About 5:30 p.m. on October 31, 1967, eight or nine Service investigators went to the hotel building. They were Burns, Podrasky, Taylor, Lamoreaux, Kelley, Stephanadis, Smith and one or two more (p. R-18). With the permission of the hotel employee stationed there, Kelley and Lamoreaux entered the hotel by a side or rear door. Kelley remained near the door. He had a view of some hallways. He would have stopped anyone who tried to leave hurriedly. Lamoreaux, traveling through the hallways of the hotel, made his way to a restaurant room which had a door on a hallway. The door was open, Lamoreaux stationed himself in the hallway so that he could see into the room (pp. R-19, R-21, R-60, R-62). Burns, Podrasky and Taylor entered the restaurant by the front door. The disposition of the other investigators is not shown. The three who entered by the front door approached Park, the assistant manager, who was in charge. Burns and Podrasky identified themselves and carried on the conversation. Taylor took no part of the conversation (pp. 20–21, R-4). They were interrupted briefly when Park received a phone call. There is a conflict in the evidence as to what happened next.

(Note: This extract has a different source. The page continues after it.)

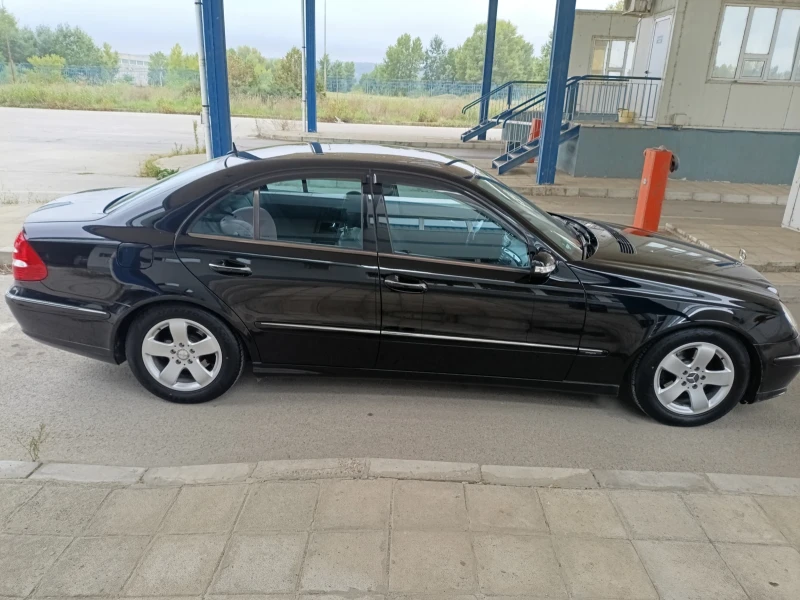 Mercedes-Benz E 280, снимка 4 - Автомобили и джипове - 48545674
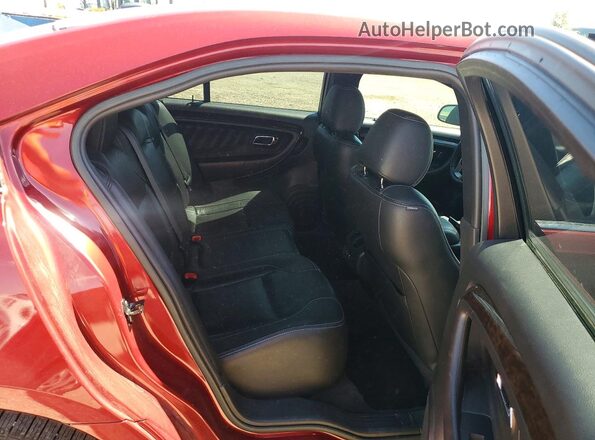 1FAHP2F85HG111711 2017 FORD TAURUS Red Widok tylnych siedzeń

Park testified that Podrasky identified himself but did not ask for permission to go to the kitchen; that while he was on the phone, Podrasky said that he was from the Immigration Service and he has to go into the restaurant and question the employees; that Podrasky went on without waiting for permission; that as soon as he had hung up the phone, he dashed after Podrasky and offered to set up a small table in the dining room, to which he would send the employees whom Podrasky wanted to see; that Podrasky did not answer, but asked for the direction of the kitchen; that he pointed

1 The District Director has discretionary authority to issue an administrative warrant for the arrest of an alien, if he determines that the arrest is necessary or desirable. 8 CFR 242.2(a). Ordinarily, the District Director does not issue a warrant of arrest until after the alien has been questioned and it is determined that a prima facie case of deportability exists.

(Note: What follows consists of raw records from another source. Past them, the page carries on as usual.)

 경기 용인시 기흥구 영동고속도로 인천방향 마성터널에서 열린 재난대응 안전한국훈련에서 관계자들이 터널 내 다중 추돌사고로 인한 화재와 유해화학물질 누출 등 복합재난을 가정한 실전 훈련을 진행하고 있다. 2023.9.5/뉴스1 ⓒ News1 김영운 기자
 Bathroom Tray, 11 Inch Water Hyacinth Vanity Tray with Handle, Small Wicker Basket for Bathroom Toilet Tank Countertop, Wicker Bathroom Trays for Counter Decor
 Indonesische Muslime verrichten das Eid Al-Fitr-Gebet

out the direction; and that he did not tell Podrasky he could not go into the kitchen (pp. 39–43; 47-49). The investigators, on the other hand, testified that after Park hung up, they told him that they wished to talk to the employees, and that Park gave permission to go to the kitchen to talk to the employees (pp. 20–21, 31, R-2-R-4, R-47, R-70, R-72-R-73, R-75). Podrasky testified he could not recall Park offering to bring the kitchen employees to the dining room so that he could talk to them.

In any event, on the way to the kitchen, Burns stopped to talk to an employee. He saw a Chinese person, garbed in a kitchen worker outfit, running toward the front door. He ran after, stopped him at the door, identified himself, and invited him to come to the kitchen to talk. This person is respondent, Yim Tsz Ki (pp. 21-23, R-4-R-5). As Burns and Yim were going to the kitchen, a second Chinese person, dressed like the first, headed for the front door. Burns stopped him and also invited him to come to the kitchen. This person is respondent, Lam Sai Ting (pp. R-5, R-8). On the way to the kitchen, Burns and the two employees passed a room being remodeled to provide additional dining space. A door of this room led to the hallway of the hotel. Lamoreaux was standing in the hallway at the door. Lam ran for the door. Burns followed. Lamoreaux intercepted Lam. He found Lam could speak no English, but did learn that he was off a ship. He apparently determined at this time to take Lam into custody. All went to the locker room. There, Lam again admitted to Lamoreaux that he had jumped ship. Yim admitted to Burns that he had jumped ship. Burns considered the admission, a sufficient basis for detaining Yim (pp. 22–24, 28, R-7-R-9, R-14-R-16, R-26-R-27).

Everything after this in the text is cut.